VW partners with green energy supplier ahead of launch of first electric car

Oct 12, 2013


Volkswagen Group (UK), headquartered at Blakelands, has signed a partnership deal with green energy supplier Ecotricity. Parent company Volkswagen Group has said its sights are set on being the global market leader in electric vehicles within five years.
Ecotricity, the world’s first ‘green electricity’ company when it was founded in 1995, is now the preferred supplier of green energy for Volkswagen Group customers in the UK. 
This means that any customer purchasing a VW electric will be offered, at point of sale, the option to adopt Ecotricity’s 100 per cent green tariff for their home and vehicle energy supplies.
The order books for VW’s first electric model the e-up! city car pictured open next month, with the first deliveries in January. 
Volkswagen Group (UK) head of environmental management Andrew Bannister said: “We are delighted to be able to offer those customers who are making a choice to purchase an electric-powered car the option to adopt a green energy package, meaning their motoring can be powered by 100 per cent renewable energy.
"We are confident those choosing an electric Group product will appreciate the benefits this new tariff offers them.”
Ecotricity powers more than 75,000 homes and businesses from its fleet of wind and sun parks.
Founder Dale Vince said: “We’re really pleased to be working with Volkswagen, a company which is bringing lots of new EVs to the market.
“Ideally an electric car should be charged using 100 per cent renewable energy; otherwise you are still powering it from fossil fuels.
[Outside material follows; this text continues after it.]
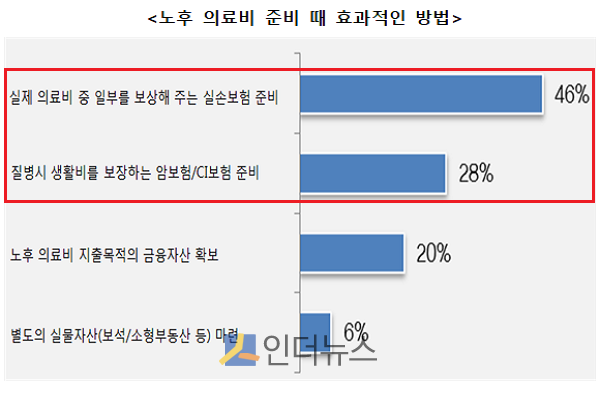노후 의료비 준비 때 효과적인 방법.(출처: 삼성생명 은퇴연구소)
Running a car on green electricity from the wind and the sun is the last piece of the jigsaw – it is the ultimate in green motoring. 
“Now you can plug your car into your house at the end of each day and recharge it on renewables. It is an exciting new world.”

Following the e-up!, VW Group is planning to launch the e-Golf next summer and an Audi A3 Sportback e-tron plug-in hybrid at the end of the year.

Key to the success of these cars will be their ‘normality’, said a spokesman. “These are conventional and existing popular hatchbacks – powered by electricity.”